Short descriptive text snippets
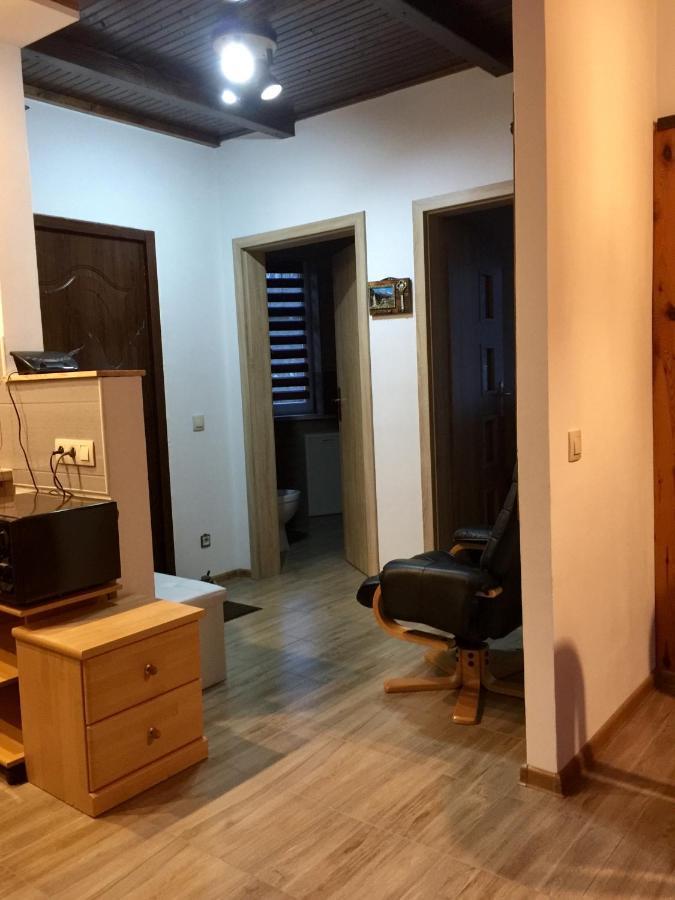 Elvira Διαμέρισμα Κάρλοβι Βάρι Εξωτερικό φωτογραφία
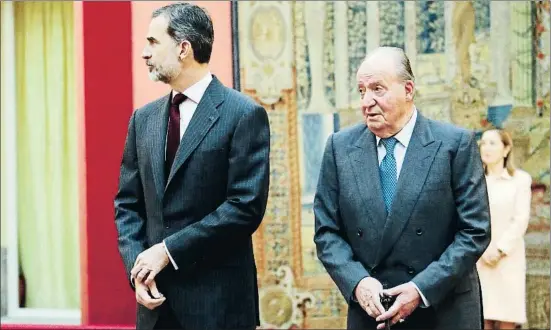  ?? EP / ARCHIVO ?? El Rey, junto a su padre, el rey Juan Carlos, en un acto institucio­nal en el 2018 con presencia de la entonces presidenta del Congreso, Ana Pastor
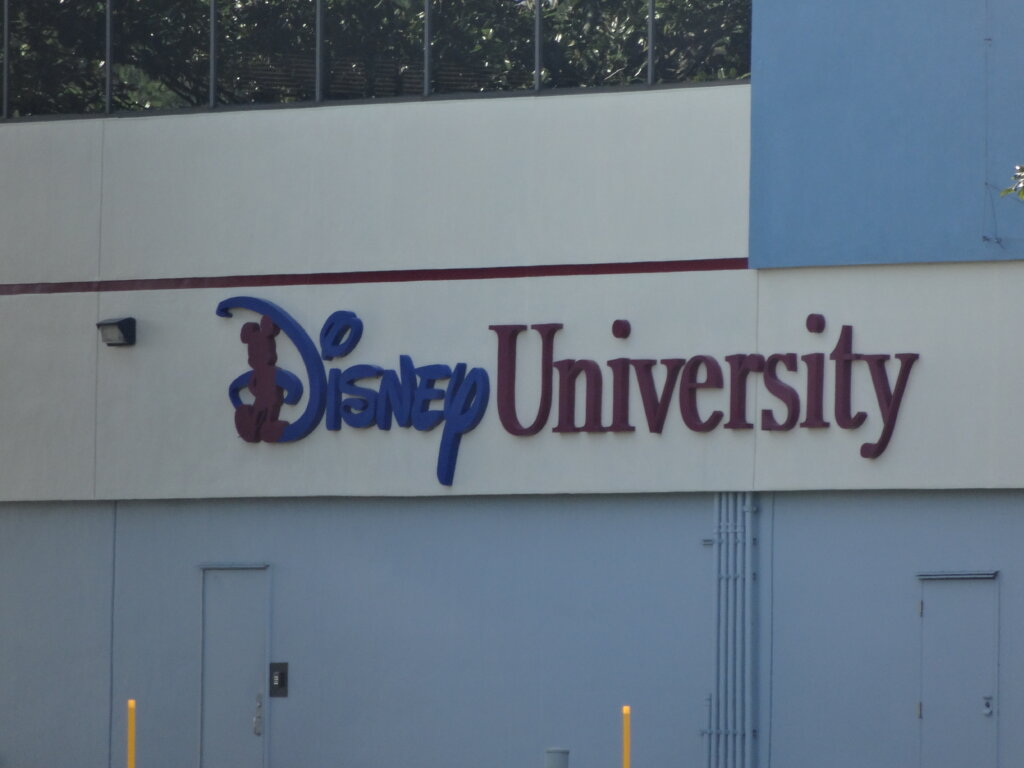 アメリカディズニー留学 Disney College Program ディズニーに着いてからすること Haru Haru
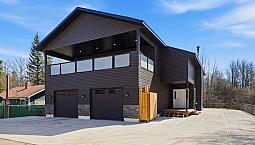 ✨ Lake Living At Its Best – New Build Steps From The Beach! ✨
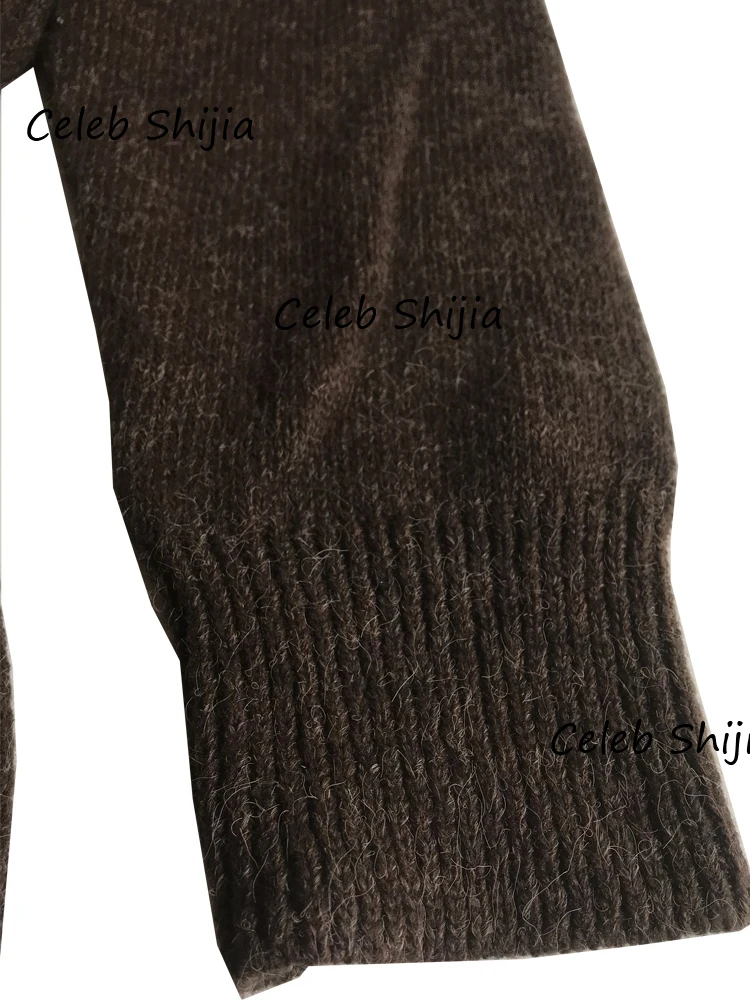 6757856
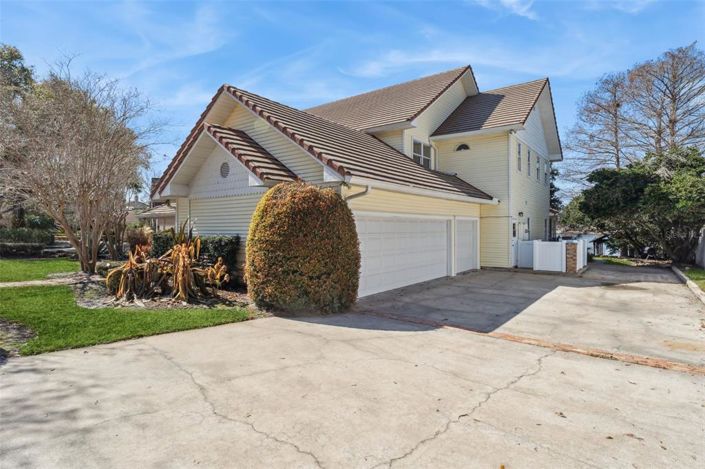 Image No.3-5 Bed House for sale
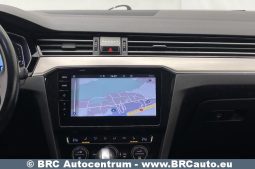 Volkswagen Passat 1.5 TSI DSG R-Line Automatas 2019 full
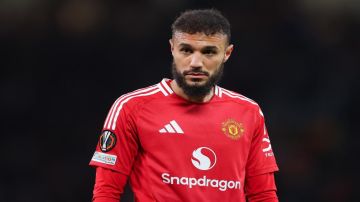 نجم مانشستر يونايتد يضع مزراوي على لائحة الإبعاد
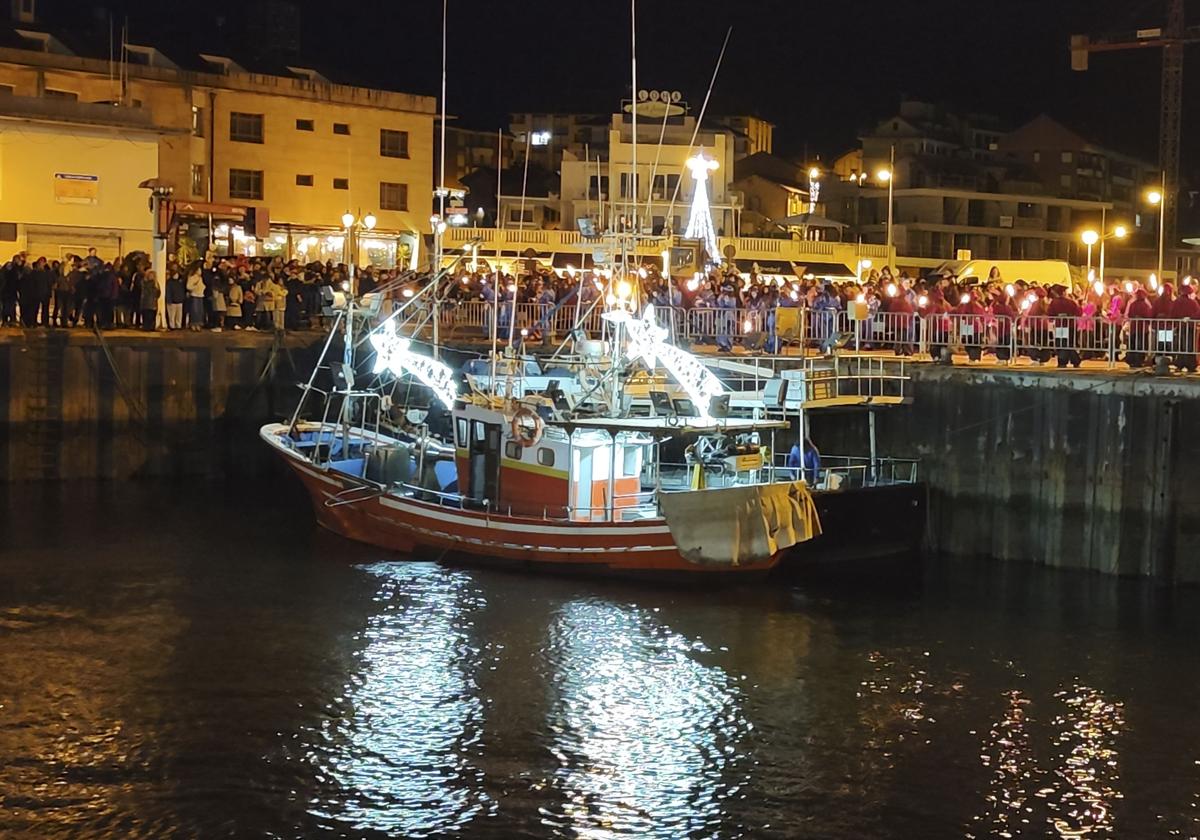 Suances recibe a Sus Majestades en barco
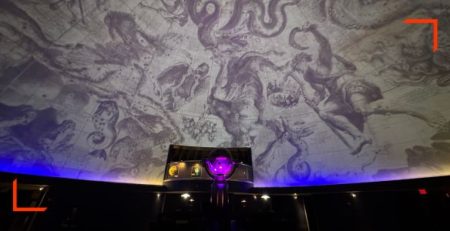 ISCVE - Auri improves assistive listening at St. Louis planetarium - Web Image - (600x300px)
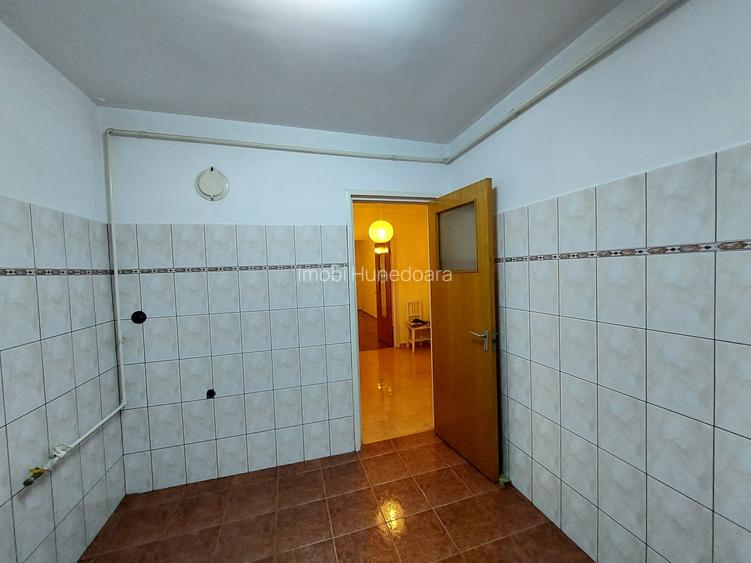 Apartament 3 Camere spatios, Parter Înalt, cu Garaj  – Deva, Zona Titu Maiorescu - 11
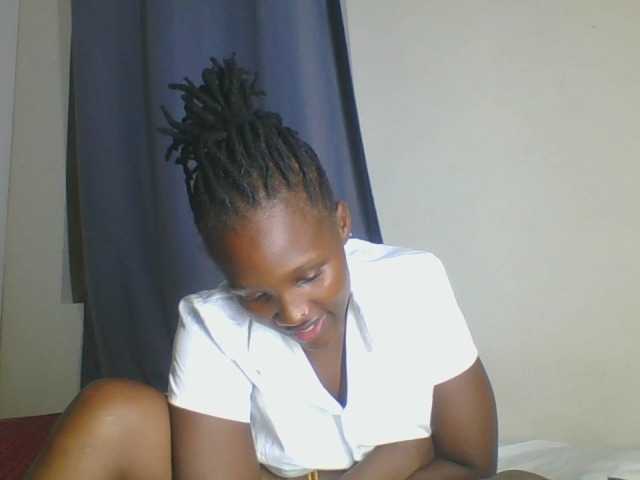 Smilingbeibylove live cam on BongaCams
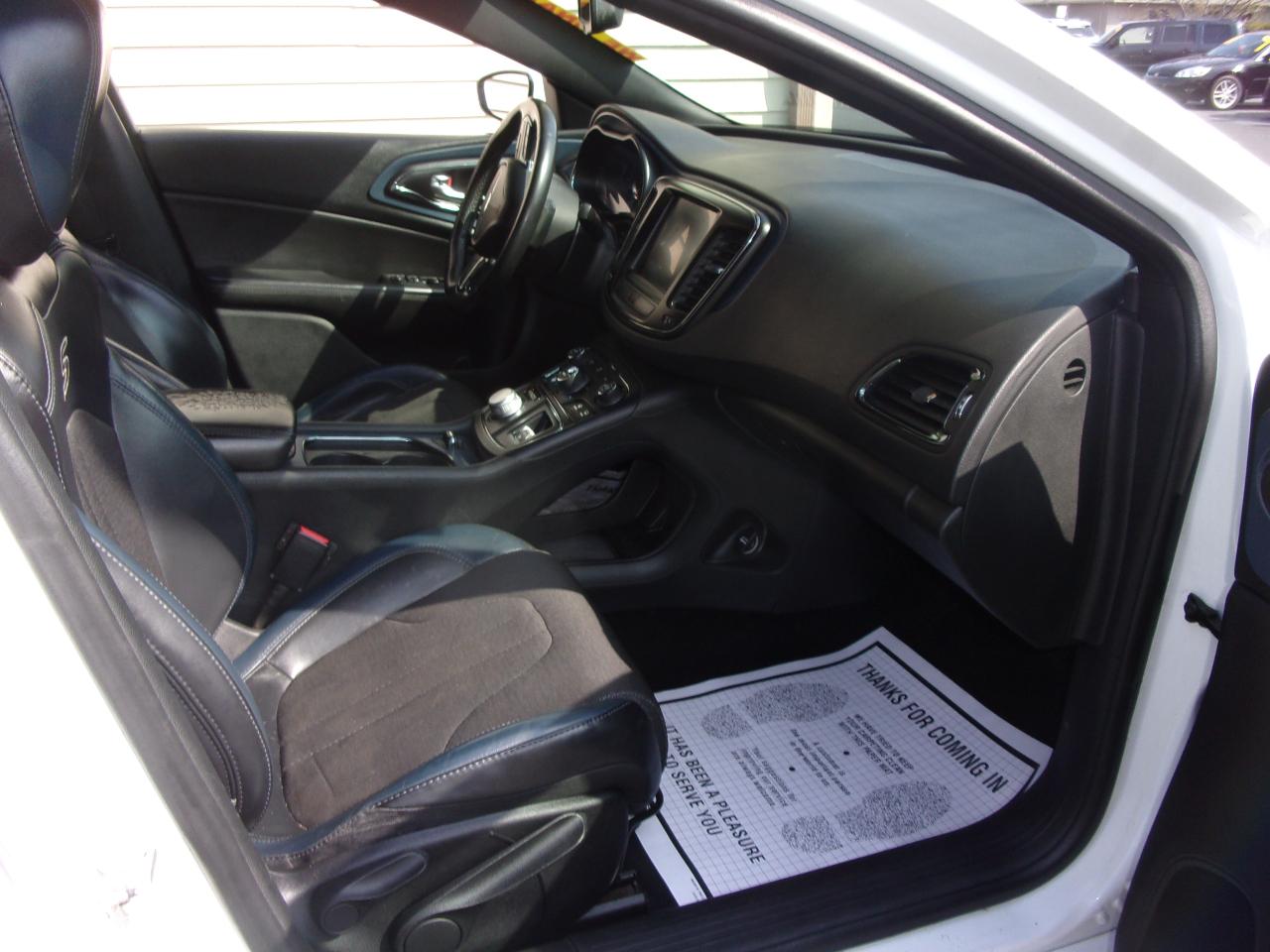 Chrysler 200 4dr Sdn S FWD 2016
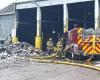 Incendio mattutino in un impianto di riciclaggio a Waterloo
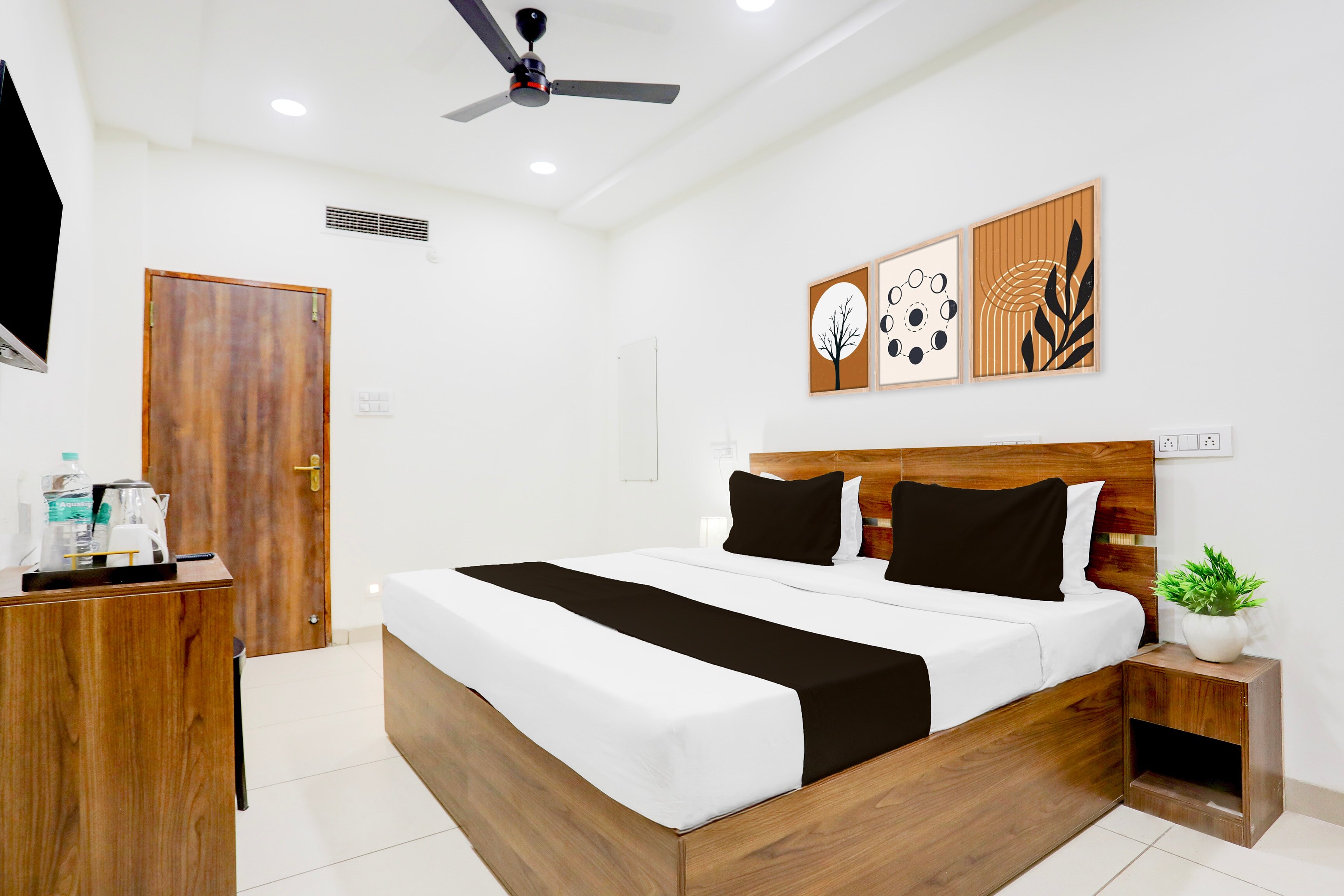 Super Townhouse DAVV University Indore Formerly Indrapuri - Tap to explore photos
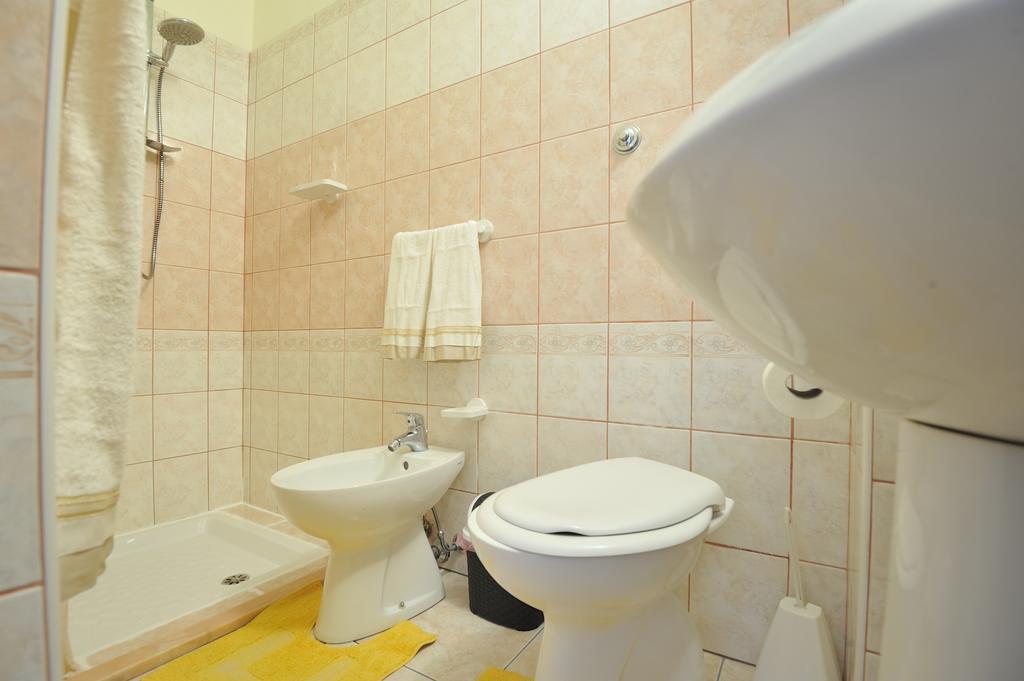 Apartments Baunei Bilik gambar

| Exercise prompt |
Within the entries above, the lines from the one with "ISCVE - Auri" through the final line are to be printed exactly, with the pictures removed.

| Result of the task |
 ISCVE - Auri improves assistive listening at St. Louis planetarium - Web Image - (600x300px)
 Apartament 3 Camere spatios, Parter Înalt, cu Garaj  – Deva, Zona Titu Maiorescu - 11
 Smilingbeibylove live cam on BongaCams
 Chrysler 200 4dr Sdn S FWD 2016
 Incendio mattutino in un impianto di riciclaggio a Waterloo
 Super Townhouse DAVV University Indore Formerly Indrapuri - Tap to explore photos
 Apartments Baunei Bilik gambar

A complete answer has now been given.